◆ Extracted records
= Beginning of Section =

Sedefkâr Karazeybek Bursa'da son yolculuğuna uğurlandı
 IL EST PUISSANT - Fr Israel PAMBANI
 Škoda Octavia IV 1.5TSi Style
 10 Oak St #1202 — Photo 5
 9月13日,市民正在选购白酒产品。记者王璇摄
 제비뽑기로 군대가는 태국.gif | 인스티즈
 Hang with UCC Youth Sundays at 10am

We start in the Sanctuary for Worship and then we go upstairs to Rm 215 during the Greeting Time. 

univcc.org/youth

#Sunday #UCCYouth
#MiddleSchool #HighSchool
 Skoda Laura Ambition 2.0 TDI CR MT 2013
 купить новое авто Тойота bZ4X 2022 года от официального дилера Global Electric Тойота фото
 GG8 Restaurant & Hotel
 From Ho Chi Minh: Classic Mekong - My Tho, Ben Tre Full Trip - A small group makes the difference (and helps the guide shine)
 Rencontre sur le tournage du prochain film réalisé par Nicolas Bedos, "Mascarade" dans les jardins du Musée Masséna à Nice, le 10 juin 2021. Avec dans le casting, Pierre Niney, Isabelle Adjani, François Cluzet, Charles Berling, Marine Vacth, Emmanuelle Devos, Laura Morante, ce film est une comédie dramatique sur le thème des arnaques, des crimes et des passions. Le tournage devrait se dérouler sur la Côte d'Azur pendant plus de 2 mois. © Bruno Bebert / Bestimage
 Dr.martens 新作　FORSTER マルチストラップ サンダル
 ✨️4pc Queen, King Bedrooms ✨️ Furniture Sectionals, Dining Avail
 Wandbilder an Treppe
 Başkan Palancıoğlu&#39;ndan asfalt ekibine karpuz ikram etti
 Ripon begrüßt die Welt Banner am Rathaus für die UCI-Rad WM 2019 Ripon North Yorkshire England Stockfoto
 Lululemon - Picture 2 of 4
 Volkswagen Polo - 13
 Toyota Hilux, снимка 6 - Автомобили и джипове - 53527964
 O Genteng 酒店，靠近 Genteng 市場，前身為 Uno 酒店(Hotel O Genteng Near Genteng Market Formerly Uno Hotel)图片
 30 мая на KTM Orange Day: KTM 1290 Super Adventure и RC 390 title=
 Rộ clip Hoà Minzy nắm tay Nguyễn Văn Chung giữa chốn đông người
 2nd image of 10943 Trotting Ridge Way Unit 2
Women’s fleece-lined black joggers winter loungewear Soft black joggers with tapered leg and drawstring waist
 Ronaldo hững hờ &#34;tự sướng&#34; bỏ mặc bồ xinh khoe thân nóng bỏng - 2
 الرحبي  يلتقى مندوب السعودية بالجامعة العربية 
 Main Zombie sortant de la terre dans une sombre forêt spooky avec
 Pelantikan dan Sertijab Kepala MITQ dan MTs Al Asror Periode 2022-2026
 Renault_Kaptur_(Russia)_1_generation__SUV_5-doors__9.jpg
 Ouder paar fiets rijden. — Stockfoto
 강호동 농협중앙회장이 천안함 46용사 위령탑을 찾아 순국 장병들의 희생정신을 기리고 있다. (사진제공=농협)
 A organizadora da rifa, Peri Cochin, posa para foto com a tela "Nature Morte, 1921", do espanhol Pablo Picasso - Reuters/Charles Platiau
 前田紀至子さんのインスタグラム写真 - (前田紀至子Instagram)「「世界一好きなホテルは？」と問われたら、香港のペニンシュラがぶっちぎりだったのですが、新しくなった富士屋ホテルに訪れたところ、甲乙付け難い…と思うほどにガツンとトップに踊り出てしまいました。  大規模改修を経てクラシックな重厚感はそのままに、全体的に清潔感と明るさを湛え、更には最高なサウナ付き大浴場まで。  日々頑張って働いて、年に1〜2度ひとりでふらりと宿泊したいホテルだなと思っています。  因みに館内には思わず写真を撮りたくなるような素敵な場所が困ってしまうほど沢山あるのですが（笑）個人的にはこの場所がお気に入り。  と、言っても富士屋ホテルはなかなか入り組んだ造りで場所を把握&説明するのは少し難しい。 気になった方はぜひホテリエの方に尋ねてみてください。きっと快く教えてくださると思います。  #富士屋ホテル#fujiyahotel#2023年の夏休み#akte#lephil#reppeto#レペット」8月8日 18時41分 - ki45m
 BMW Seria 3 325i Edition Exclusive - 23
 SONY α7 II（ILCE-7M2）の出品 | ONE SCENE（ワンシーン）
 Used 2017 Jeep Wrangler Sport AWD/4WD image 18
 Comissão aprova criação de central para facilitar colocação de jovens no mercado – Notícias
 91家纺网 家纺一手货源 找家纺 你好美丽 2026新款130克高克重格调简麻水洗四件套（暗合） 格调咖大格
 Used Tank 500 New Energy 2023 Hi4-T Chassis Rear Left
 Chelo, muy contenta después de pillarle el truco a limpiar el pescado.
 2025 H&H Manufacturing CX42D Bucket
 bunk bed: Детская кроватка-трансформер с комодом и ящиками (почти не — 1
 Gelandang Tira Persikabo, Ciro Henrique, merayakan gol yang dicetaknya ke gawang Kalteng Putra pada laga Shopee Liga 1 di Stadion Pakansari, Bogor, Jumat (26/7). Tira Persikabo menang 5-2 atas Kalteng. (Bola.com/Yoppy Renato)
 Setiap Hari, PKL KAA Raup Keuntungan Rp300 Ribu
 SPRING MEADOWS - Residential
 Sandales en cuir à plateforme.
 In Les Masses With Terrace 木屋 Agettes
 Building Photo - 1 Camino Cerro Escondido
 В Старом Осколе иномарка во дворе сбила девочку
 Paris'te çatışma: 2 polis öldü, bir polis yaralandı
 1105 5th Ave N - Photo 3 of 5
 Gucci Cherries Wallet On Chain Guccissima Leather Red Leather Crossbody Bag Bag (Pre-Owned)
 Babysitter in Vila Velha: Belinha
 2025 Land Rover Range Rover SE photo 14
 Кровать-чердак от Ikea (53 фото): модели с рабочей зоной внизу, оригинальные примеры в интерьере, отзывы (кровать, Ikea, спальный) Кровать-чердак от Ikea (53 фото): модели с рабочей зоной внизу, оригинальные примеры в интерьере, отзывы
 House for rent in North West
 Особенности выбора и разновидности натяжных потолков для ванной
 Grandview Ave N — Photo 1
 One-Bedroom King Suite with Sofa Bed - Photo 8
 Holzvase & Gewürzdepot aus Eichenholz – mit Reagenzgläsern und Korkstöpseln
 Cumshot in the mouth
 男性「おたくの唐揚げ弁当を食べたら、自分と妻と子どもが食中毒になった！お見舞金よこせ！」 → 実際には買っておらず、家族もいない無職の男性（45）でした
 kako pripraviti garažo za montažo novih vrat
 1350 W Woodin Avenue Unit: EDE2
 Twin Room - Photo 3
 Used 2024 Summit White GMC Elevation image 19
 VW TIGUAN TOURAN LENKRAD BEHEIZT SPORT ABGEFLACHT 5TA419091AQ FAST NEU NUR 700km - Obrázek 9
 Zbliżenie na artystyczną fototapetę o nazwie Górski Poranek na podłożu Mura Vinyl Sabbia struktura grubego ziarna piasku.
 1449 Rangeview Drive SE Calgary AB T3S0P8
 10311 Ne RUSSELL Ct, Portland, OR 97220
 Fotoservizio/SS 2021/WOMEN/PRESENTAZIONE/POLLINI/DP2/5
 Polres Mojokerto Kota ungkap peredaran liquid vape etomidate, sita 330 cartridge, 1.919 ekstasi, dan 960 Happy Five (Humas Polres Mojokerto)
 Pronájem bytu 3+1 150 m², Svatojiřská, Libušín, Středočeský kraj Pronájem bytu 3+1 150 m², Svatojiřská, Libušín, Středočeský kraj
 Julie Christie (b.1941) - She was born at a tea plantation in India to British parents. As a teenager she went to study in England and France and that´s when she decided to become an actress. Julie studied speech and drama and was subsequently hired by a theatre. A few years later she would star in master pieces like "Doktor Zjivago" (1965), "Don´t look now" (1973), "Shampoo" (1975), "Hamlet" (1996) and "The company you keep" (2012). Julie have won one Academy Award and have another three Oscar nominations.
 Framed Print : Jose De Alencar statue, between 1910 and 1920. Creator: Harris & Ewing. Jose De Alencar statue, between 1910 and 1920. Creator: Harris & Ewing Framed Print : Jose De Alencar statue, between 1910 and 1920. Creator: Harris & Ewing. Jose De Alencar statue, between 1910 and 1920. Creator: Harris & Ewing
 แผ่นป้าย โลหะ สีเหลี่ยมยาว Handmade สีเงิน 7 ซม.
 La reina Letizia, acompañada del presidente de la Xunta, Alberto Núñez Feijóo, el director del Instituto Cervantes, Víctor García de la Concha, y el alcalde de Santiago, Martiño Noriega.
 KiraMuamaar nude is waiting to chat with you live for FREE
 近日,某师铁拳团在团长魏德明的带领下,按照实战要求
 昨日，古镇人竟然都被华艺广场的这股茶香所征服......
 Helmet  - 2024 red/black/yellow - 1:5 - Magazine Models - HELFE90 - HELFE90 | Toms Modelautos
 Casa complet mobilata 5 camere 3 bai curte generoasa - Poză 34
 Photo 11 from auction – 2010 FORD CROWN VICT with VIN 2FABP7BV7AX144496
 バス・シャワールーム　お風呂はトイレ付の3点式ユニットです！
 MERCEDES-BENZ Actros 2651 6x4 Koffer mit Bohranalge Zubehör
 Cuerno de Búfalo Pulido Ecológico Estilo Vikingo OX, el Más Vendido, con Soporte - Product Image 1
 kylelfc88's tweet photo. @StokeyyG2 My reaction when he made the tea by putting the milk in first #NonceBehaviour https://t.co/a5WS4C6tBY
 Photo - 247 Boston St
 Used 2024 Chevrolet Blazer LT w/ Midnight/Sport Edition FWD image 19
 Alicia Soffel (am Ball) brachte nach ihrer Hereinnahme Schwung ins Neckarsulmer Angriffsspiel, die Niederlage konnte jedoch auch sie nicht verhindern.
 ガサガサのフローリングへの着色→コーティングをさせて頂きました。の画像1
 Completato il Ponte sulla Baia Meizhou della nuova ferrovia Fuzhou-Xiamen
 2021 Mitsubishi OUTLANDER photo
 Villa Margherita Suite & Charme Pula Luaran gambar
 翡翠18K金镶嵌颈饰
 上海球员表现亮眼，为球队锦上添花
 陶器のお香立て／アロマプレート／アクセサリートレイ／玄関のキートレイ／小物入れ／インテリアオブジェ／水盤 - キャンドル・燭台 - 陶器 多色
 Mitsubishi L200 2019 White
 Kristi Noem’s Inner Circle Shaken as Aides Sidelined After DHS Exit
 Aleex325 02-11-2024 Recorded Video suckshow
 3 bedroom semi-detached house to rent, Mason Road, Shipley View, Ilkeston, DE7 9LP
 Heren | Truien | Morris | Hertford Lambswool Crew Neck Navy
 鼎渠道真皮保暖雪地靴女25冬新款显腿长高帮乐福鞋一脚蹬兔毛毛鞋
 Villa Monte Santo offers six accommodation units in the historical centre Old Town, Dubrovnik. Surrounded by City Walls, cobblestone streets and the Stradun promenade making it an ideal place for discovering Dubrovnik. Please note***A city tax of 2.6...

= End of Section =

◆ Goal of the exercise
Return the entries exactly through the "Ripon begrüßt die" line.

◆ Result for this task
Sedefkâr Karazeybek Bursa'da son yolculuğuna uğurlandı
 IL EST PUISSANT - Fr Israel PAMBANI
 Škoda Octavia IV 1.5TSi Style
 10 Oak St #1202 — Photo 5
 9月13日,市民正在选购白酒产品。记者王璇摄
 제비뽑기로 군대가는 태국.gif | 인스티즈
 Hang with UCC Youth Sundays at 10am

We start in the Sanctuary for Worship and then we go upstairs to Rm 215 during the Greeting Time. 

univcc.org/youth

#Sunday #UCCYouth
#MiddleSchool #HighSchool
 Skoda Laura Ambition 2.0 TDI CR MT 2013
 купить новое авто Тойота bZ4X 2022 года от официального дилера Global Electric Тойота фото
 GG8 Restaurant & Hotel
 From Ho Chi Minh: Classic Mekong - My Tho, Ben Tre Full Trip - A small group makes the difference (and helps the guide shine)
 Rencontre sur le tournage du prochain film réalisé par Nicolas Bedos, "Mascarade" dans les jardins du Musée Masséna à Nice, le 10 juin 2021. Avec dans le casting, Pierre Niney, Isabelle Adjani, François Cluzet, Charles Berling, Marine Vacth, Emmanuelle Devos, Laura Morante, ce film est une comédie dramatique sur le thème des arnaques, des crimes et des passions. Le tournage devrait se dérouler sur la Côte d'Azur pendant plus de 2 mois. © Bruno Bebert / Bestimage
 Dr.martens 新作　FORSTER マルチストラップ サンダル
 ✨️4pc Queen, King Bedrooms ✨️ Furniture Sectionals, Dining Avail
 Wandbilder an Treppe
 Başkan Palancıoğlu&#39;ndan asfalt ekibine karpuz ikram etti
 Ripon begrüßt die Welt Banner am Rathaus für die UCI-Rad WM 2019 Ripon North Yorkshire England Stockfoto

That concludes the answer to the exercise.